_Assignment_
Each entry below is to be duplicated precisely.

_Exercise data_
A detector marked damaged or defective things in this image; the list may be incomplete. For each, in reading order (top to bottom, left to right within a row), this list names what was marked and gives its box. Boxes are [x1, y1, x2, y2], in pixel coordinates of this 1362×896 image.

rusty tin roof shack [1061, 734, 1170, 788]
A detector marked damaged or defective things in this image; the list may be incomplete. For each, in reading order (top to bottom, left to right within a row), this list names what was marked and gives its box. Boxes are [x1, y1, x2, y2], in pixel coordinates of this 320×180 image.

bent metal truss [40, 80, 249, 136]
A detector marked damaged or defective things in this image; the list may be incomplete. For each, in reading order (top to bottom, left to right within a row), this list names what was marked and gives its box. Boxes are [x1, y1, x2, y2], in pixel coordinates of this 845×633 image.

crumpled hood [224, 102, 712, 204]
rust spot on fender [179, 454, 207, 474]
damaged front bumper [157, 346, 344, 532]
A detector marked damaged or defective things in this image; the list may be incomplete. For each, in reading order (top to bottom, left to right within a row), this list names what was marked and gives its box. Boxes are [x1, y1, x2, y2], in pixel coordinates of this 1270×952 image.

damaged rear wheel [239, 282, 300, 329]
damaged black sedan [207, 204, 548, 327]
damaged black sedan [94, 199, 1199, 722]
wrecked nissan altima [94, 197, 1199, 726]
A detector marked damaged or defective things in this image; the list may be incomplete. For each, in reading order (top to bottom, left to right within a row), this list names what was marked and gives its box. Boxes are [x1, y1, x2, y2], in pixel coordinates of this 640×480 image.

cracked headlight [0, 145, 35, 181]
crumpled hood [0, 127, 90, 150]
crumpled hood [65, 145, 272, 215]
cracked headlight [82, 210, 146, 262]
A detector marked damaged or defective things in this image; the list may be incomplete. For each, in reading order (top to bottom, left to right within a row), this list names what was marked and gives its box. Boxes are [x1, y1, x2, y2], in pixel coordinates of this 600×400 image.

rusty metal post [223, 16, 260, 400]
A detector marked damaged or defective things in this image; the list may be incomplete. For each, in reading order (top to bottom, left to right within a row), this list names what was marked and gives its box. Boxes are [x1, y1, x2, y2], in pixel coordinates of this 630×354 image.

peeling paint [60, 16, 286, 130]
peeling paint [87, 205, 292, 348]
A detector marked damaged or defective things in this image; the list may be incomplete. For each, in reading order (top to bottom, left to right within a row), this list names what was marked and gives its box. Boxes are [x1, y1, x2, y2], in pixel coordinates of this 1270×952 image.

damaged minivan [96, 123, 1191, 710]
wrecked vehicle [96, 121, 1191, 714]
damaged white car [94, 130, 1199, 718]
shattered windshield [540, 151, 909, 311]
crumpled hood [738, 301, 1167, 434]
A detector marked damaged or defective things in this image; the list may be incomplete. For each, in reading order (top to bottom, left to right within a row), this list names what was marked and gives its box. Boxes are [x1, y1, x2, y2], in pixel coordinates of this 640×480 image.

_Output of the exercise_
A detector marked damaged or defective things in this image; the list may be incomplete. For each, in reading order (top to bottom, left to right within a row), this list names what was marked and gives its box. Boxes are [x1, y1, x2, y2], in pixel coordinates of this 1362×896 image.

rusty tin roof shack [1061, 734, 1170, 788]
A detector marked damaged or defective things in this image; the list may be incomplete. For each, in reading order (top to bottom, left to right within a row), this list names what was marked and gives its box. Boxes are [x1, y1, x2, y2], in pixel coordinates of this 320×180 image.

bent metal truss [40, 80, 249, 136]
A detector marked damaged or defective things in this image; the list may be incomplete. For each, in reading order (top to bottom, left to right within a row), this list names what was marked and gives its box. Boxes are [x1, y1, x2, y2], in pixel coordinates of this 845×633 image.

crumpled hood [224, 102, 712, 204]
rust spot on fender [179, 454, 207, 474]
damaged front bumper [157, 346, 344, 532]
A detector marked damaged or defective things in this image; the list may be incomplete. For each, in reading order (top to bottom, left to right within a row), this list names what was marked and gives its box. Boxes are [x1, y1, x2, y2], in pixel coordinates of this 1270×952 image.

damaged rear wheel [239, 282, 300, 329]
damaged black sedan [207, 204, 548, 327]
damaged black sedan [94, 199, 1199, 722]
wrecked nissan altima [94, 197, 1199, 726]
A detector marked damaged or defective things in this image; the list may be incomplete. For each, in reading order (top to bottom, left to right within a row), this list names what was marked and gives its box. Boxes are [x1, y1, x2, y2], in pixel coordinates of this 640×480 image.

cracked headlight [0, 145, 35, 181]
crumpled hood [0, 127, 90, 150]
crumpled hood [65, 145, 272, 215]
cracked headlight [82, 210, 146, 262]
A detector marked damaged or defective things in this image; the list may be incomplete. For each, in reading order (top to bottom, left to right within a row), this list names what was marked and gives its box. Boxes are [x1, y1, x2, y2], in pixel coordinates of this 600×400 image.

rusty metal post [223, 16, 260, 400]
A detector marked damaged or defective things in this image; the list may be incomplete. For each, in reading order (top to bottom, left to right within a row), this list names what was marked and gives its box. Boxes are [x1, y1, x2, y2], in pixel coordinates of this 630×354 image.

peeling paint [60, 16, 286, 130]
peeling paint [87, 205, 292, 348]
A detector marked damaged or defective things in this image; the list may be incomplete. For each, in reading order (top to bottom, left to right within a row), this list names what was marked and gives its box. Boxes are [x1, y1, x2, y2], in pixel coordinates of this 1270×952 image.

damaged minivan [96, 123, 1191, 710]
wrecked vehicle [96, 121, 1191, 714]
damaged white car [94, 130, 1199, 718]
shattered windshield [540, 151, 909, 311]
crumpled hood [738, 301, 1167, 434]
A detector marked damaged or defective things in this image; the list may be incomplete. For each, in reading order (top to bottom, left to right within a row), this list names what was marked and gives its box. Boxes are [x1, y1, x2, y2], in pixel coordinates of this 640×480 image.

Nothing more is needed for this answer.